## Dataset records
>>>
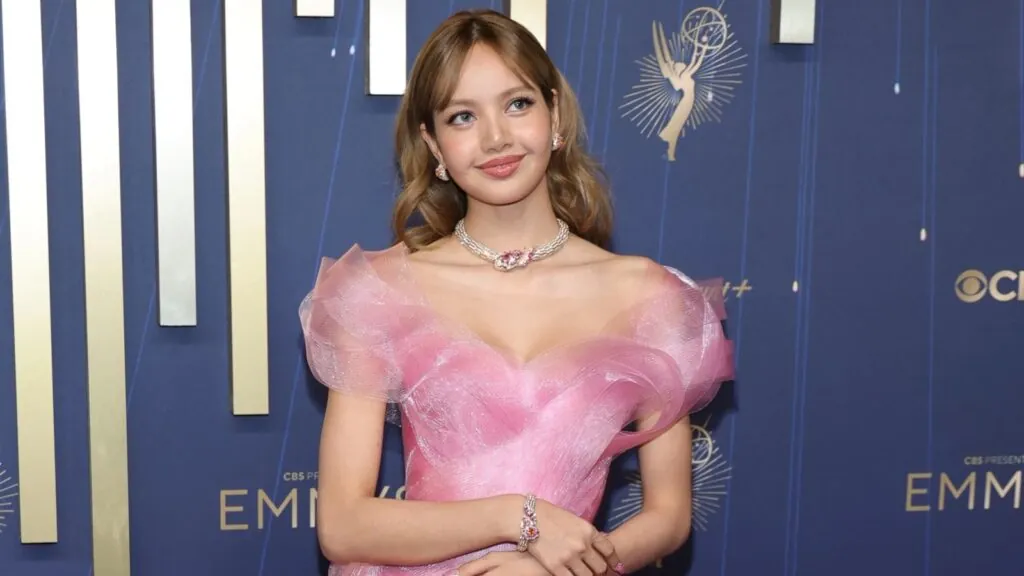 Lisa reveals that she hid past relationships to avoid affecting BLACKPINK's popularity Lisa reveals that she hid past relationships to avoid affecting BLACKPINK's popularity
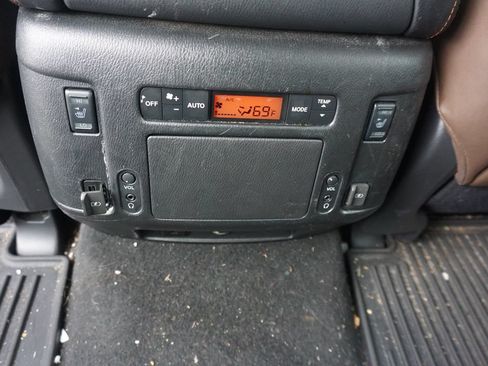Used 2020 Nissan Armada Platinum w/ Platinum Reserve Package RWD image 17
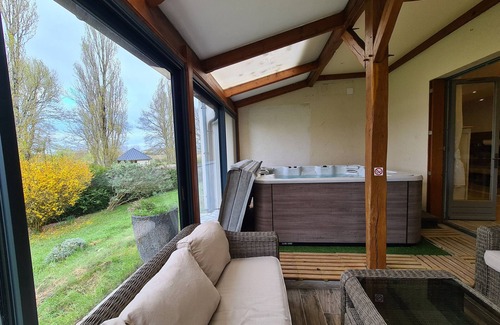 Lucay-le-Male Cottage | Luxurious Lakeview Retreat: Hot Tub, BBQ, Playground, Near ZooParc & More!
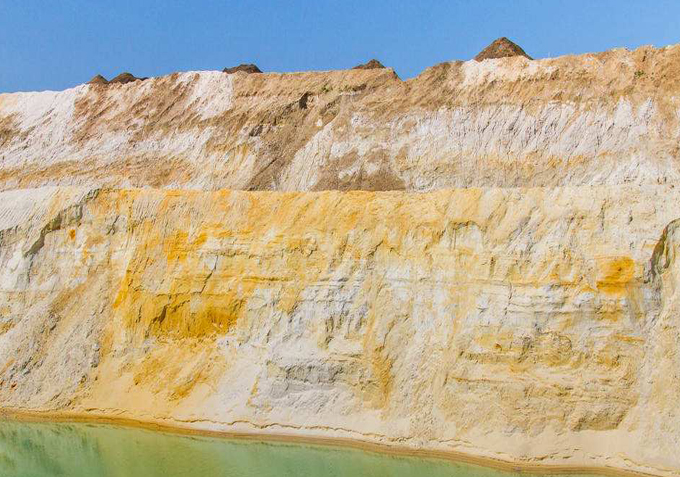 高岭土立式磨机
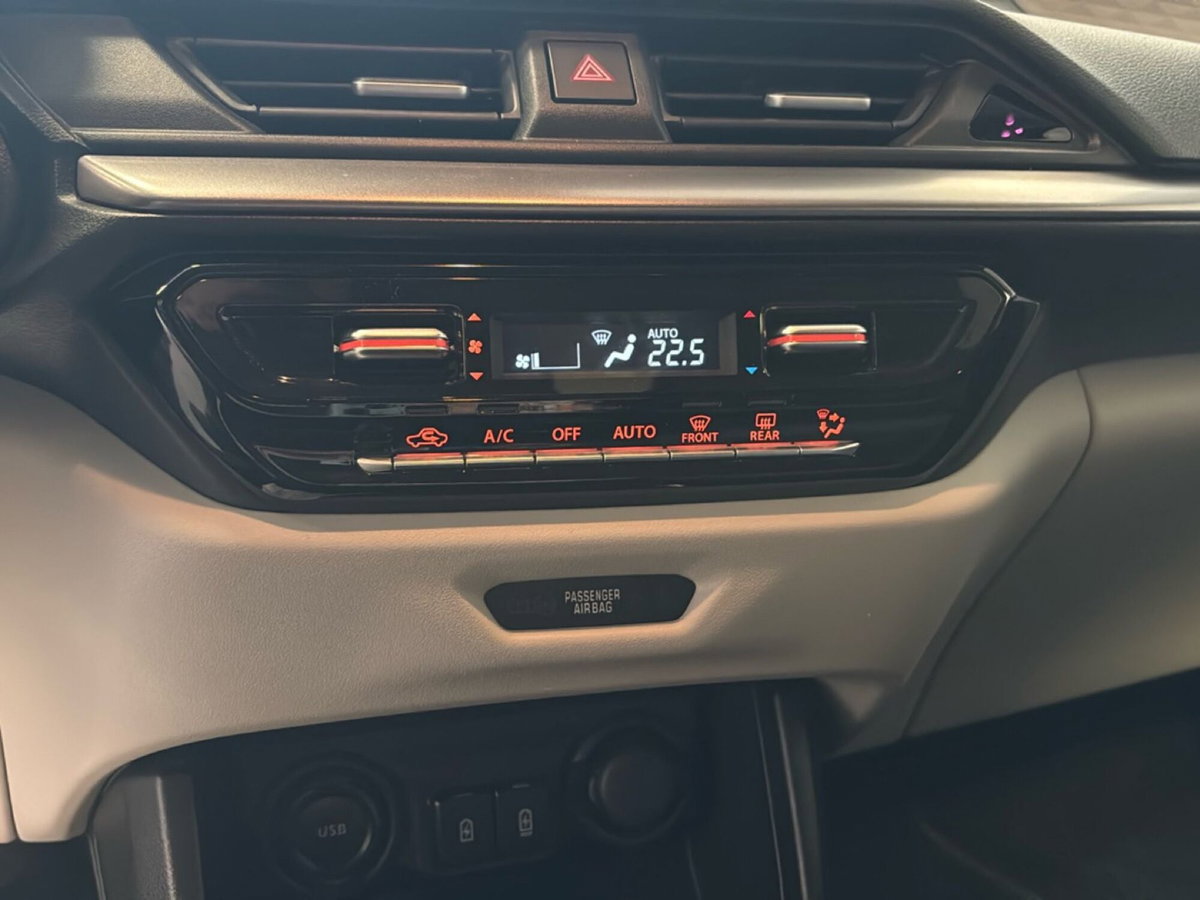 Suzuki Swift 1.2 Hybrid Easy Top (19)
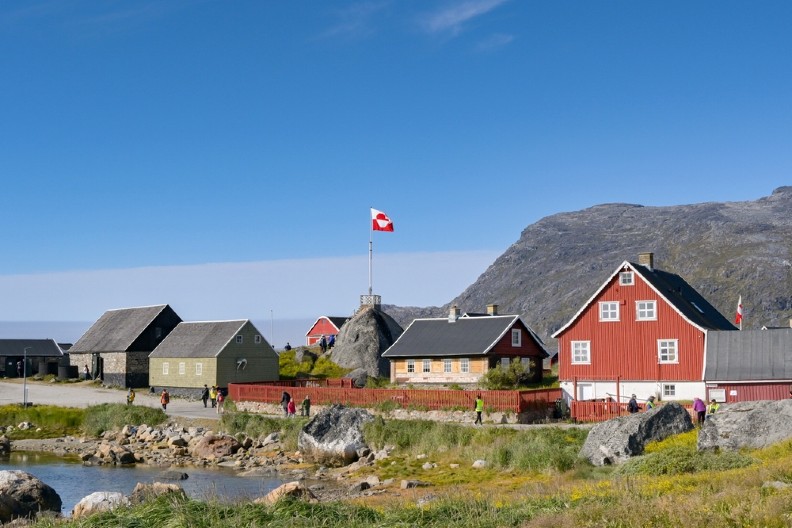 DALJE RUKE OD GRENLANDA Premijer oštro o "agresivnoj" poseti američkih zvaničnika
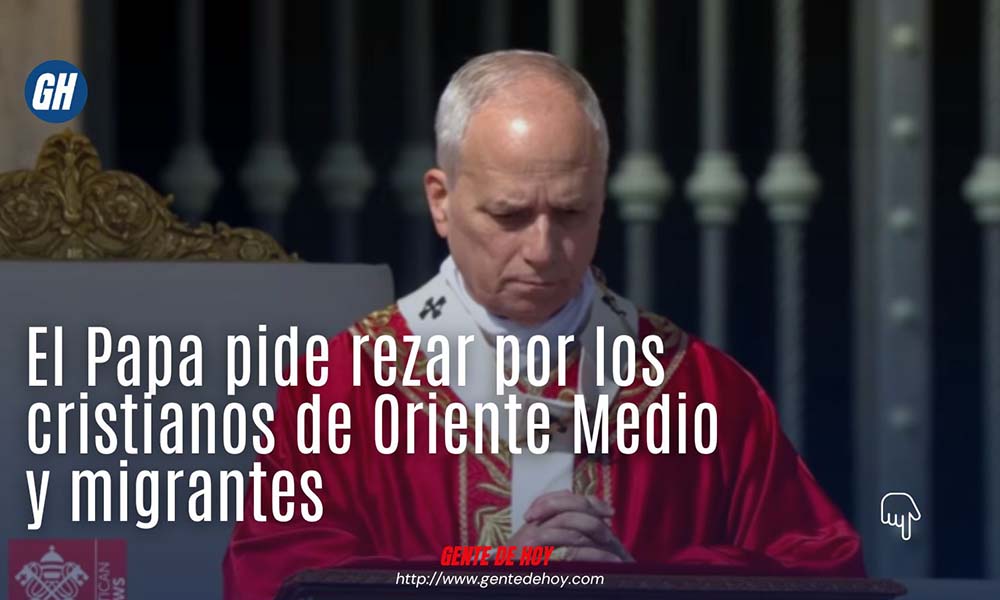 El Papa León XIV preside la celebración del Domingo de Ramos en la Plaza de San Pedro ante una multitud de fieles y peregrinos.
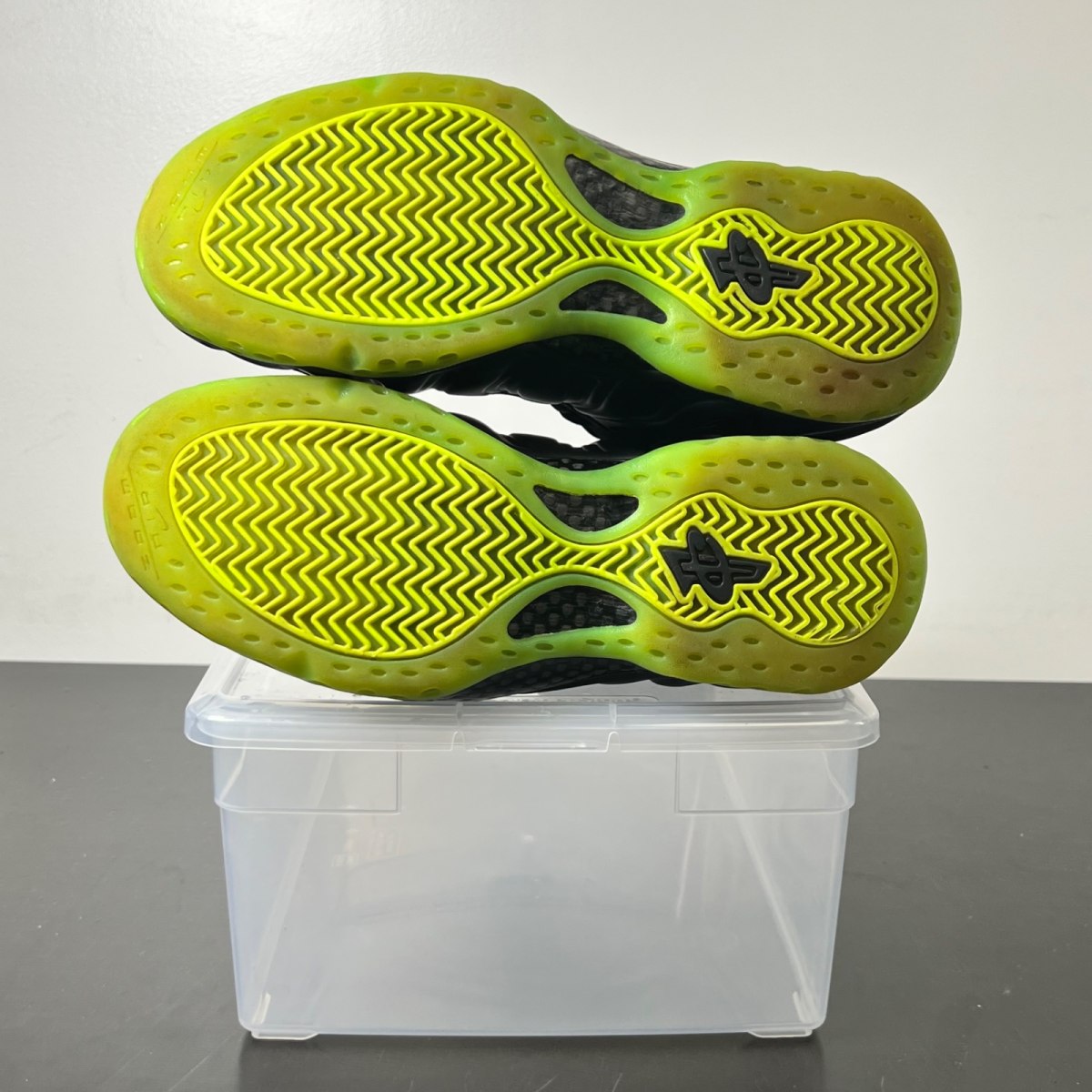 Nike Air Foamposite One Black Volt 9.5 (Lightly Worn Pre-Owned)NikeBlack/Volt - Image 5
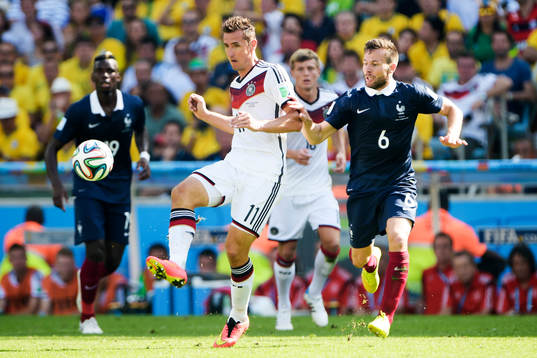 Tysklands Miroslav Klose och Frankrikes Yohan Cabaye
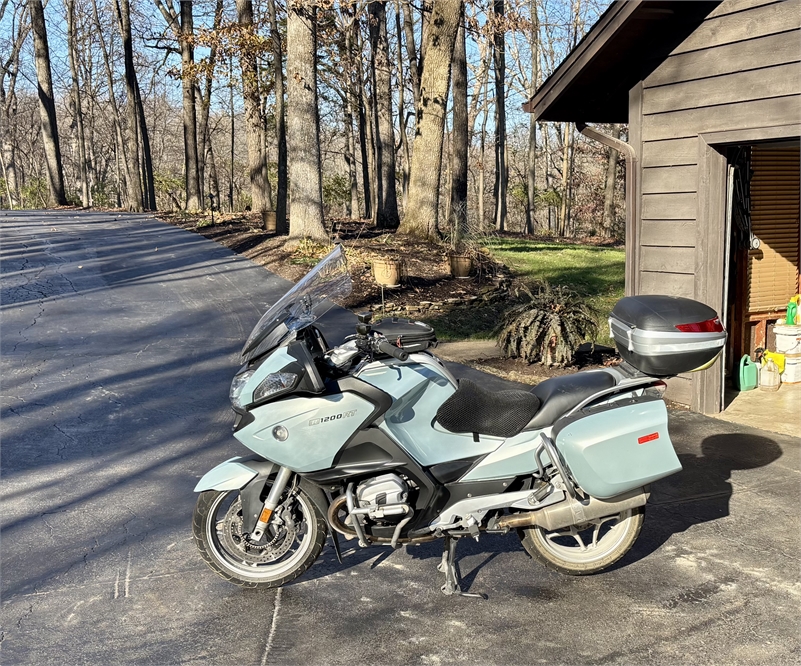 2011 R1200RT 32,000 mi. St Louis MO area (lowered price)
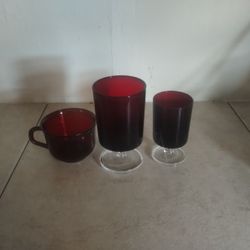 Acoroc France Red Glass Have Set 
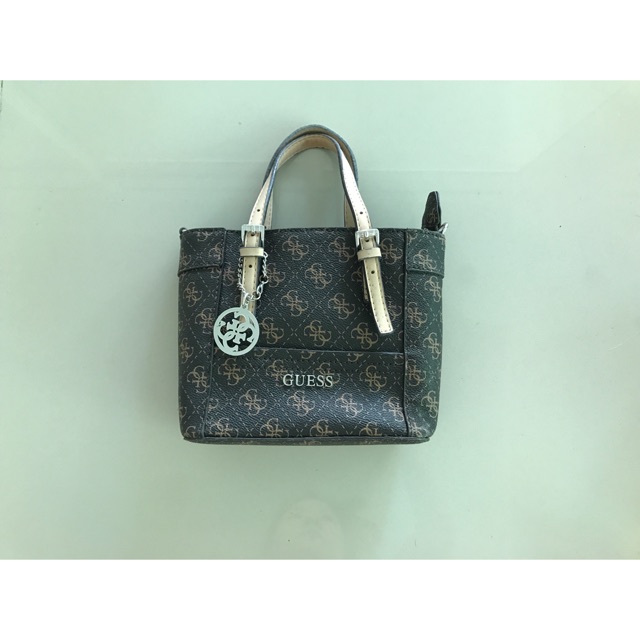 กระเป๋า gress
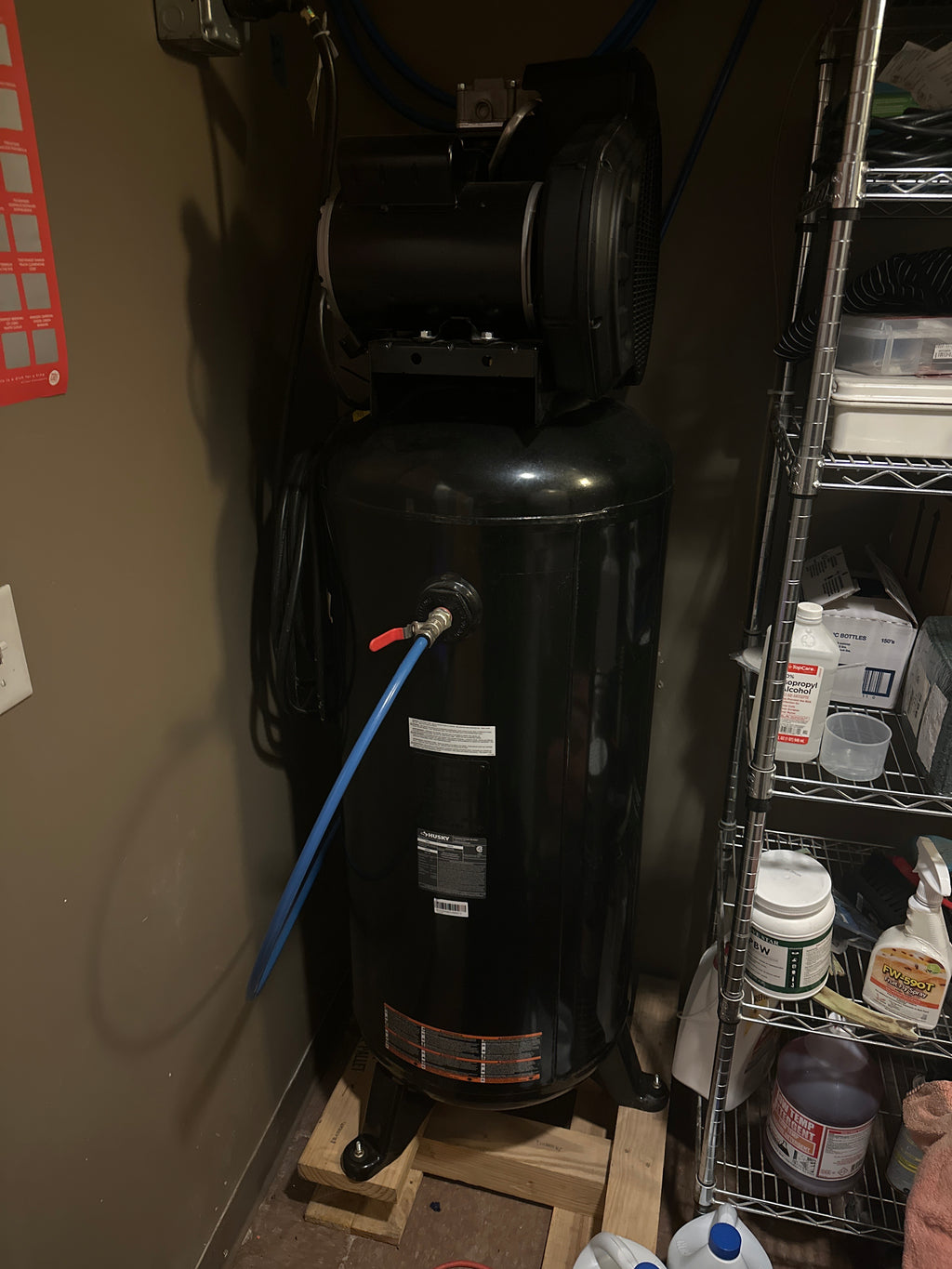 Lot 118 Air Compressor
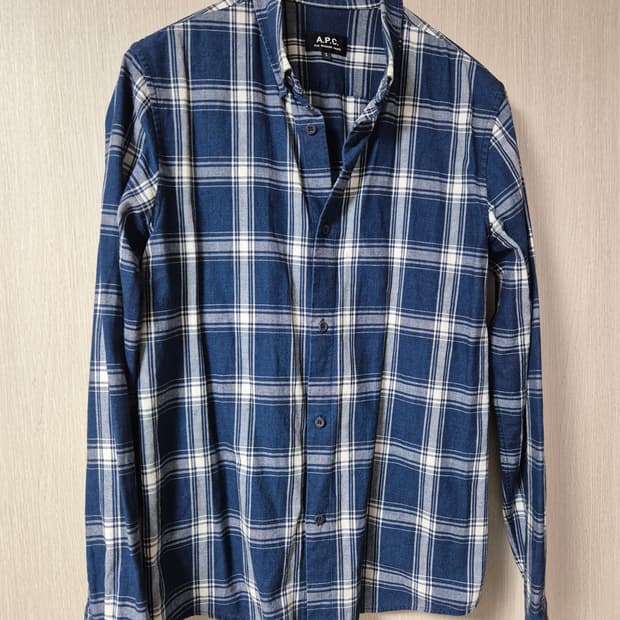 (정품) 아페쎄 A.P.C. 블루 체크 셔츠 남성 S 95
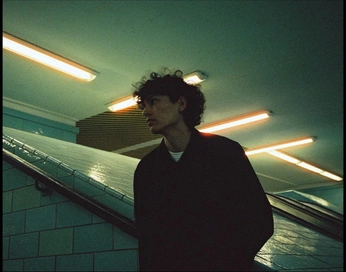 A cover of "fuentes unicas de luz" cluster. The owner is evilroll. The cluster consists of 6 elements.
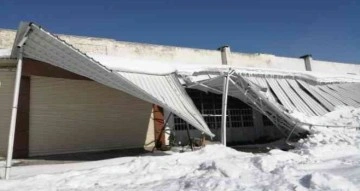 Besni Küçük Sanayi Sitesinde çatılar kara dayanamayıp çöktü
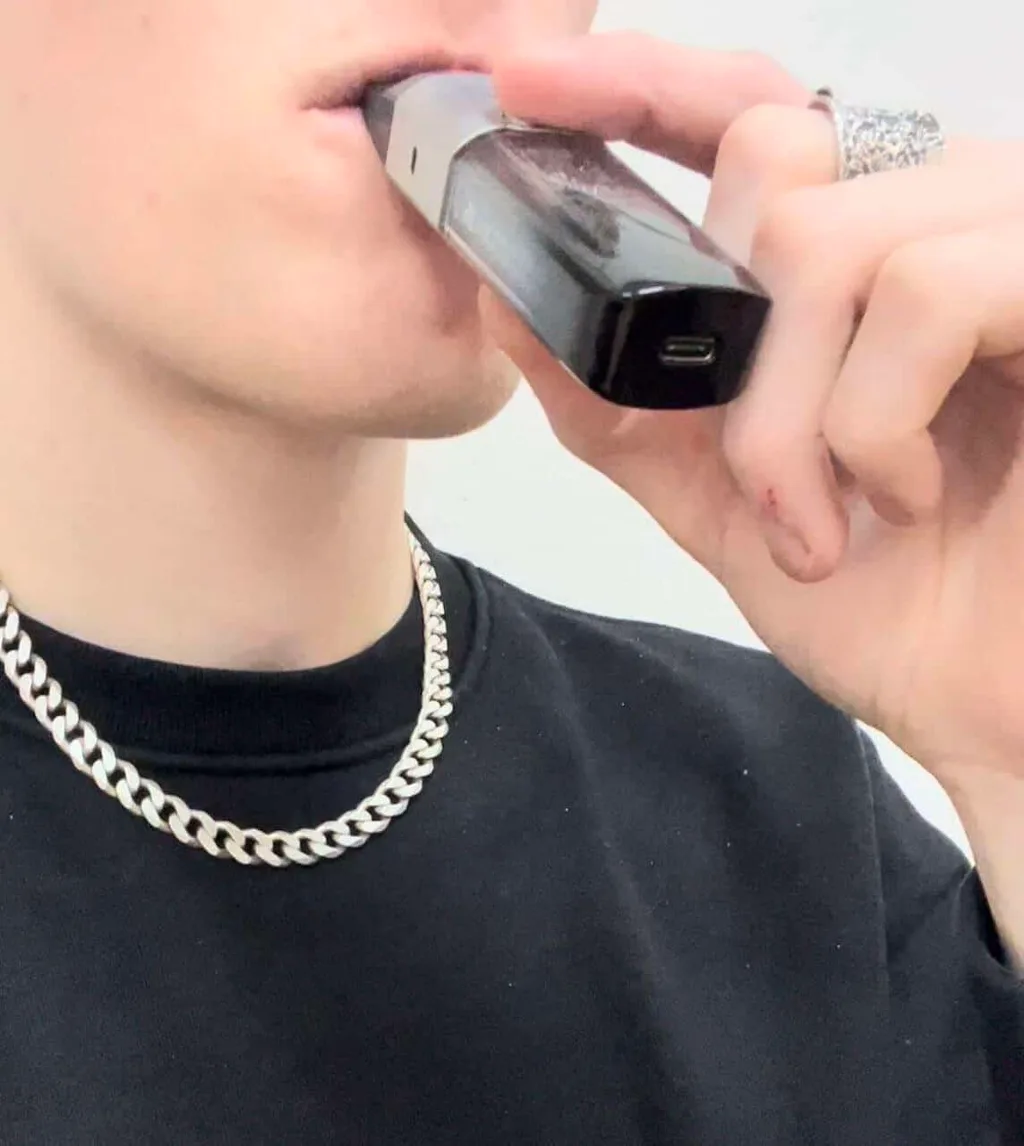 Me vaping the Luxe XR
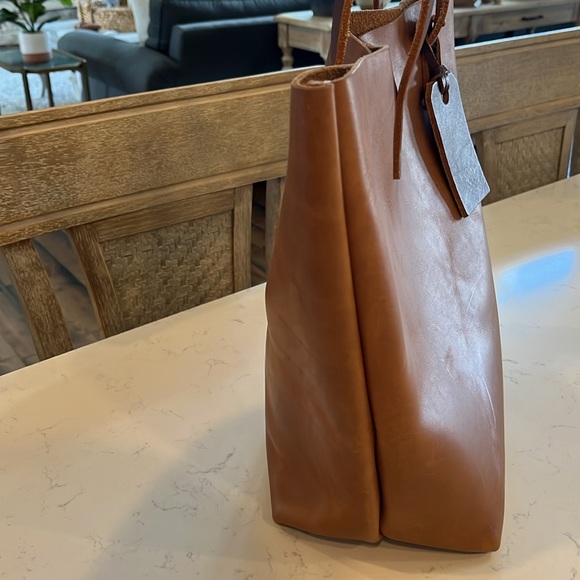 KMM & Co Cognac Tote - Picture 5 of 10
<<<
## Aim of the exercise
A word-for-word copy of the records is needed, one that contains no pictures.

## Expected output
 Lisa reveals that she hid past relationships to avoid affecting BLACKPINK's popularity Lisa reveals that she hid past relationships to avoid affecting BLACKPINK's popularity
Used 2020 Nissan Armada Platinum w/ Platinum Reserve Package RWD image 17
 Lucay-le-Male Cottage | Luxurious Lakeview Retreat: Hot Tub, BBQ, Playground, Near ZooParc & More!
 高岭土立式磨机
 Suzuki Swift 1.2 Hybrid Easy Top (19)
 DALJE RUKE OD GRENLANDA Premijer oštro o "agresivnoj" poseti američkih zvaničnika
 El Papa León XIV preside la celebración del Domingo de Ramos en la Plaza de San Pedro ante una multitud de fieles y peregrinos.
 Nike Air Foamposite One Black Volt 9.5 (Lightly Worn Pre-Owned)NikeBlack/Volt - Image 5
 Tysklands Miroslav Klose och Frankrikes Yohan Cabaye
 2011 R1200RT 32,000 mi. St Louis MO area (lowered price)
 Acoroc France Red Glass Have Set 
 กระเป๋า gress
 Lot 118 Air Compressor
 (정품) 아페쎄 A.P.C. 블루 체크 셔츠 남성 S 95
 A cover of "fuentes unicas de luz" cluster. The owner is evilroll. The cluster consists of 6 elements.
 Besni Küçük Sanayi Sitesinde çatılar kara dayanamayıp çöktü
 Me vaping the Luxe XR
 KMM & Co Cognac Tote - Picture 5 of 10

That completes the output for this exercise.